Jumat, 09 November 2012

Cerita Mahabarata


Cerita Mahabarata


Ketika epos Mahabarata menceritakan tentang kisah percintaan Kresna dan Radha, maka muncul filsafat, “Tak ada perbedaan dalam cinta suci”.
Ketika Kresna menikah dan ikut mertua, maka sang ibu, Yasoda, merasa tidak rela, “Keberatan seorang ibu bukanlah suatu kebencian. Justru ia mengandung nilai kasih sayang”.
Ketika melihat fragmen begitu sayangnya Yasoda pada Kresna, “Kasih ibu pada anaknya”. “Keberhasilan/kesuksesan seseorang adalah berkat tirakat orang tuanya”.
Ketika Kresna kecil begitu nakal dengan memimpin teman temannya untuk mencuri mentega di setiap rumah penduduk, biar penduduk tidak memproduksi mentega, dengan maksud ke depan untuk menghambat persembahan mentega itu pada Kansa, raja Matura yang bengis, maka muncul filsafat “Orang besar adalah ketika kecil sudah menjadi pusat perhatian orang”. “Orang besar adalah ketika ia bisa menjengkelkan, sekaligus dirindukan”. “Orang besar adalah ketika ia dekat dengan urat nadi ibunya, sehingga ia mendapatkan perkenan dan restunya”. “Orang besar adalah ketika mempersembahkan segenap hidupnya untuk orang lain”.
Ketika di tengah Padang Kurusetra Kresna menceritakan jalan perang pada Arjuna yang mulai bimbang, muncullah filsafat, “Tidak ada jalan agung bagi kelaliman, kecuali kematian”. Kresna kembali meyakinkan penengah Pandawa itu, “Kebenaran kan mengalahkan kejahatan”. “Manusia harus bersatu dengan kebenaran”.
Ketika Kresna membunuh Sisupala karena menerima penghinaan hingga 100x, sebait filsafat “Takdir tak dapat dihindari” pun muncul. Maka dibunuhlah Sisupala.
Ketika Kresna menjenguk Bisma di akhir kematiannya, “Setiap orang menempati kedudukannya sendiri”.
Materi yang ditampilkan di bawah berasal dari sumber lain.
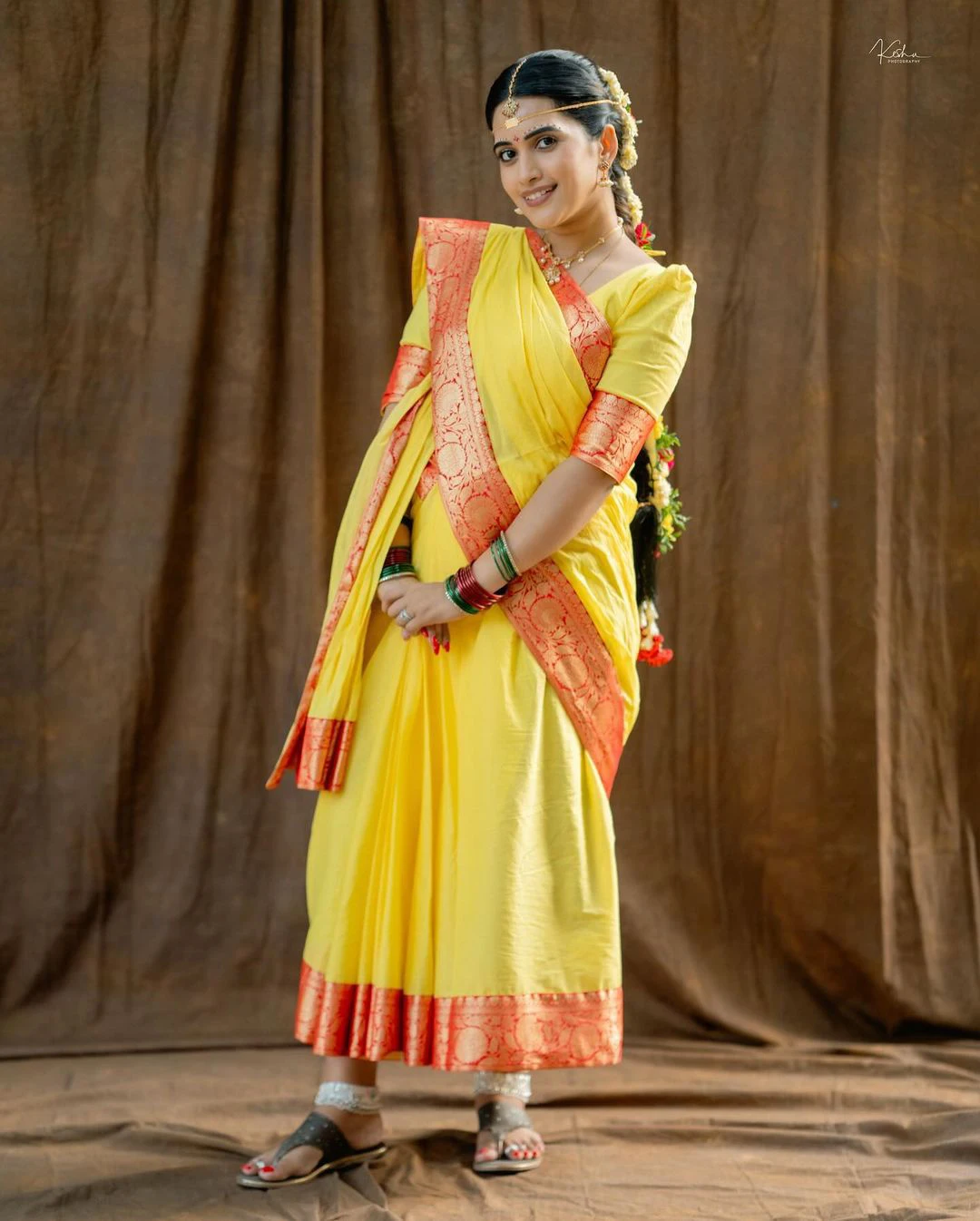 Sravanthi Chokarapu Turned as beautiful Bride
Ketika Pandawa terdesak, Kresna meyakinkan mereka, “Kekalahan adalah awal menuju kemenangan”. Sambil menambahkan, “Tidak ada senjata yang ampuh, kecuali akal budi”.
Ketika Bisma muda bersumpah tidak akan menikah dan tidak ingin menjadi Putra Mahkota demi ayahnya, Raja Sentanu agar bisa menikah lagi, maka berfilsafat:
“Seorang anak harus memiliki kepatuhan dan loyalitas yang luar biasa terhadap orang tua”, “Setiap orang harus memiliki komitmen yang tinggi terhadap janji”, dan “Manusia terikat dengan garis nasibnya”.

Ketika Raja Sentanu menikahi Dewi Setyowati, seorang putri nelayan, “Perkawinan tak mengenal kasta”.
Ketika Raja Sentanu menyesali apa yang ia perbuat dengan telah mengorbankan nasib anaknya, “Keadilan lebih berharga dari cinta”. Tak lama kemudian ia meninggal, “Rasa bersalah mempercepat datangnya kematian”. Dan, Sentanu harus berpikir bahwa, “Batas wilayah privat dan publik haruslah jelas”.
Ketika Prabu Drupada akan membalas dendam ke Pendeta Durna, “Balas dendam hanya akan menghancurkan sifat kebijaksanaan”.
Ketika Raja Duryudana tidak begitu mempedulikan nasehat para resi, maka muncul filsafat, “Seyogyanya, ulama dihormati umara”. “Kembali pada kebenaran adalah pilihan kehidupan”.

Ketika Duryudana dengan segala kesombongannya ternyata gagal mengangkat busur panah dalam sayembara memperebutkan Dewi Drupadi, “Keangkuhan bukanlah sifat seorang pemberani”.